** STORED DATA follows **
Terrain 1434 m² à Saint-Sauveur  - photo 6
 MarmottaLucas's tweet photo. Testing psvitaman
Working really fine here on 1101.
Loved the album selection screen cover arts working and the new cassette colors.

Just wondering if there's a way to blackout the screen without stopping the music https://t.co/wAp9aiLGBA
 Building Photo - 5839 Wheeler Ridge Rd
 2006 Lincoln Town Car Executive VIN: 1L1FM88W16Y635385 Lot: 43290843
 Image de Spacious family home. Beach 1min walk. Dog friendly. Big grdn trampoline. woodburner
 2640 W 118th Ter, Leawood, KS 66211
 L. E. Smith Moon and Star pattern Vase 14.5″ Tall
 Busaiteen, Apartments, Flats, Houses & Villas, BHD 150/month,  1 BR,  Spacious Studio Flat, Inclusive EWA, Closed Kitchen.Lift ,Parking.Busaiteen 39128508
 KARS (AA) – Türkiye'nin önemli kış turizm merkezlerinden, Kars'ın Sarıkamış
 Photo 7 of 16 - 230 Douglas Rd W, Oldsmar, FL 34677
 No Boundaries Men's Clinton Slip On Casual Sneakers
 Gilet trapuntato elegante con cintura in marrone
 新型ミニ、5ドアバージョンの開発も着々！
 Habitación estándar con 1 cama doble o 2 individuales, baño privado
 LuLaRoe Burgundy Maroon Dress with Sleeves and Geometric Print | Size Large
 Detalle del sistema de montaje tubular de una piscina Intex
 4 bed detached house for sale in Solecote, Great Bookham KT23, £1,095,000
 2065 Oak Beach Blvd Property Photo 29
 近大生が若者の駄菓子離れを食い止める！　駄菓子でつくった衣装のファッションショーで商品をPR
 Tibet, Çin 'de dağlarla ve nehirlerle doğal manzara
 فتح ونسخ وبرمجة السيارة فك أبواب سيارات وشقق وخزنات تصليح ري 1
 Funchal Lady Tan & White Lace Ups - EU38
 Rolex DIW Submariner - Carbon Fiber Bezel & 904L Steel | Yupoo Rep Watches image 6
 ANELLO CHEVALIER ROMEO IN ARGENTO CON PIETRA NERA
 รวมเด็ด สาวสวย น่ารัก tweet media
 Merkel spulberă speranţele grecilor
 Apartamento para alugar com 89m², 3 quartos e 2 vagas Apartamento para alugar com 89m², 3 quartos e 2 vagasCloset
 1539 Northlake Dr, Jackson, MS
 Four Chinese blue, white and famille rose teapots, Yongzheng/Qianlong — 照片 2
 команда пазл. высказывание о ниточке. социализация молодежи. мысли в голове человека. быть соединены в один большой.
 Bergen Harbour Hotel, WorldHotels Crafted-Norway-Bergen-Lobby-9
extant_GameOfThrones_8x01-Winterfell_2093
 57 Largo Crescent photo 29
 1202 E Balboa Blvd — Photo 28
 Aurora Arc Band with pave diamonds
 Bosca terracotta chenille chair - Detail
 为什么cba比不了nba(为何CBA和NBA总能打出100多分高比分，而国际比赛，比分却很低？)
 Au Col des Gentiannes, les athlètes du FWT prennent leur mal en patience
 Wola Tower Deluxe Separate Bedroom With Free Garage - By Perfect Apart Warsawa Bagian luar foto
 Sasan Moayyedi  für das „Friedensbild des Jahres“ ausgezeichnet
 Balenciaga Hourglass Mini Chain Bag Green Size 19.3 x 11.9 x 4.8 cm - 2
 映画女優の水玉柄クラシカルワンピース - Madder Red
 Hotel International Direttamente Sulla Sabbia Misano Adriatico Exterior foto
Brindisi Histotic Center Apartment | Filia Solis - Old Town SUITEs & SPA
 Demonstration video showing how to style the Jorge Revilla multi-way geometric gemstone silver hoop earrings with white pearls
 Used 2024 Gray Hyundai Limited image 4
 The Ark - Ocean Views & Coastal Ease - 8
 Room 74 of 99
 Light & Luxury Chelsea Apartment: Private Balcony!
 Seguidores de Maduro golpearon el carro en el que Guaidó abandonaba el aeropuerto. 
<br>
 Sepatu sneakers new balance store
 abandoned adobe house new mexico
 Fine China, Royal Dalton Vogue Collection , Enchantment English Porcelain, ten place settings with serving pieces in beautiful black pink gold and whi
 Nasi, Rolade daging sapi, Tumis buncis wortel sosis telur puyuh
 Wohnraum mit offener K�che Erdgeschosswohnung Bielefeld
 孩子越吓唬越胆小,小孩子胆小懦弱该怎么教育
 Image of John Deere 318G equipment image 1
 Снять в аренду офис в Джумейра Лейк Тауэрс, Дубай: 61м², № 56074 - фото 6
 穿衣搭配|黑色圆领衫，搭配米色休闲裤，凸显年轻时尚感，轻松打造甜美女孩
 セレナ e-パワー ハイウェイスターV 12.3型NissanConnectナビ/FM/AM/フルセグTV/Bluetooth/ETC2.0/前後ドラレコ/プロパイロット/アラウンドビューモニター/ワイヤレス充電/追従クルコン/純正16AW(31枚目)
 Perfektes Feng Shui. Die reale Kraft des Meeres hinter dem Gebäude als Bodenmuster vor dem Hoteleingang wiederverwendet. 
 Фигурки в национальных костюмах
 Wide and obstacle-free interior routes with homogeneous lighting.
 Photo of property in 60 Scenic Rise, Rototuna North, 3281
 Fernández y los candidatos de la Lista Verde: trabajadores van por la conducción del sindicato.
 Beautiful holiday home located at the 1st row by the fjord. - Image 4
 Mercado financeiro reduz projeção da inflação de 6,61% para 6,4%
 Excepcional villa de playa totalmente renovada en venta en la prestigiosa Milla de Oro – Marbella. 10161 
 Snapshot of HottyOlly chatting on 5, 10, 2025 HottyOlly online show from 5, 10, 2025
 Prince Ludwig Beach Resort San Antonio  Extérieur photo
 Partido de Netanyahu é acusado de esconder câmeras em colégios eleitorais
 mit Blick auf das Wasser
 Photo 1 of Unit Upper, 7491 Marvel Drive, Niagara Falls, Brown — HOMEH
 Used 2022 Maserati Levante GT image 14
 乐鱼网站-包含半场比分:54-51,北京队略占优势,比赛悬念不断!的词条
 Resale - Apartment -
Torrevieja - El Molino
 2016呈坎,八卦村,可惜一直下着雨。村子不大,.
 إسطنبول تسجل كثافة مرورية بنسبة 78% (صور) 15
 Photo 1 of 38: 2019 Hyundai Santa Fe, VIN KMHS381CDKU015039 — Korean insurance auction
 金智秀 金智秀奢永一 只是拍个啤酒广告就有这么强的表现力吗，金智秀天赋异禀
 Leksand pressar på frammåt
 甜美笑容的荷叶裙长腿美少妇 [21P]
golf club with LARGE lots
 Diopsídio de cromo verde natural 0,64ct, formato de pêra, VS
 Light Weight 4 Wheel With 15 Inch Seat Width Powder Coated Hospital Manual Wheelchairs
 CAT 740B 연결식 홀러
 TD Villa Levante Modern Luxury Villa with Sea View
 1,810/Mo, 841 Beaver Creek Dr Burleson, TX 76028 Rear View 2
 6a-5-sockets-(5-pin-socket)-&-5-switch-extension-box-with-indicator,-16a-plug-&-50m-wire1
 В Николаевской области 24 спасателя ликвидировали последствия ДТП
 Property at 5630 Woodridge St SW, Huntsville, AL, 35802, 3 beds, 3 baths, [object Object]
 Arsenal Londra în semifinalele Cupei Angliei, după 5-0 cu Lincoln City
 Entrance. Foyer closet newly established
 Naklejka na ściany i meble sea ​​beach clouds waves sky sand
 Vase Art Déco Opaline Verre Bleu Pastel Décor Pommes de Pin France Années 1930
** End of STORED DATA **
→ INSTRUCTIONS FOR THE TASK: Please copy, exactly and with nothing else, the lines above beginning at the line that has "Prince Ludwig Beach" and ending with the line that has "golf club with LARGE lots".

→ TASK RESULT:
 Prince Ludwig Beach Resort San Antonio  Extérieur photo
 Partido de Netanyahu é acusado de esconder câmeras em colégios eleitorais
 mit Blick auf das Wasser
 Photo 1 of Unit Upper, 7491 Marvel Drive, Niagara Falls, Brown — HOMEH
 Used 2022 Maserati Levante GT image 14
 乐鱼网站-包含半场比分:54-51,北京队略占优势,比赛悬念不断!的词条
 Resale - Apartment -
Torrevieja - El Molino
 2016呈坎,八卦村,可惜一直下着雨。村子不大,.
 إسطنبول تسجل كثافة مرورية بنسبة 78% (صور) 15
 Photo 1 of 38: 2019 Hyundai Santa Fe, VIN KMHS381CDKU015039 — Korean insurance auction
 金智秀 金智秀奢永一 只是拍个啤酒广告就有这么强的表现力吗，金智秀天赋异禀
 Leksand pressar på frammåt
 甜美笑容的荷叶裙长腿美少妇 [21P]
golf club with LARGE lots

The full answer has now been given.